Тоже занялся яблоком, мучнисто-сладковатым; с минуту жевали молча.

– Получается, что Анюта лишь не поспевала за изменениями в обличьях красоты. Земля задрожала, художники возбудились, увидели вокруг себя всё не так, как им виделось прежде… Допустим. Но она, разбираясь в живописи, как свинья в апельсинах, была права, когда сомневалась в познающем языке философии и уверяла, что ответов на главные жизненные вопросы нет в принципе. Она, помню, Паскаля цитировала, который и вовсе избегал ясности… Ответов нет?

– Нет! Но нам – неймётся.

– Всё та же агностическая эпистемология?

– Запомнил?!

– И ещё запомнил, что Аретино не боялся противоречий. Не потому ли он так преуспел в своих поэтических наблюдениях? Может быть, познавательная загвоздка в том, что мы-то как раз боимся исходных противоречий и попросту не желаем их замечать, а заметив – досадуем; мы желаем обманываться – упрямо вгоняем противоречивые явления в логически непротиворечивые понятия.

– Умно!

– Но как бы то ни было, – сама непонятность мира, предположил я недавно, делает мир живым и нас – оживляет, активизирует.

– Умно!

– Ответов нет, а…

Рассмеялась:

– Давно было, сейчас не вспомнить, кто же и по какому поводу это изрёк: стремление добиться ответа – то же, что требовать от куриного бульона, чтобы он закудахтал.

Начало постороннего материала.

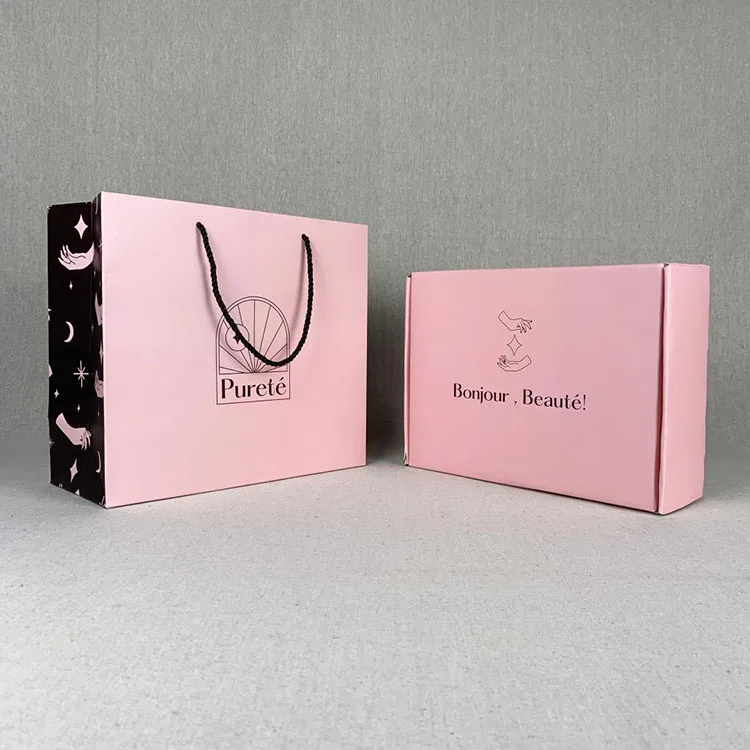Product Packaging | Lipack Hair Bundle Packaging Box Customized Folding Paper Boxes And Bags For Stores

– Вчера задел твой рассказ, до чего же неожиданный! Трудно даже поверить, что не дьявольской фантазии обязана та жестокая вспышка чёрных непостижимостей! Скажи, тот правовед из Инсбрука, спасший из-под колёс… – о, он и сам чувствовал, что быстро взрослел, непростые вопросы всё чаще приходили ему на ум. – Он, правовед, воплощение естественной доброты, действуя по… нравственной инерции, – как не спасти ребёнка? – действовал, выходит, по наущению мирового зла?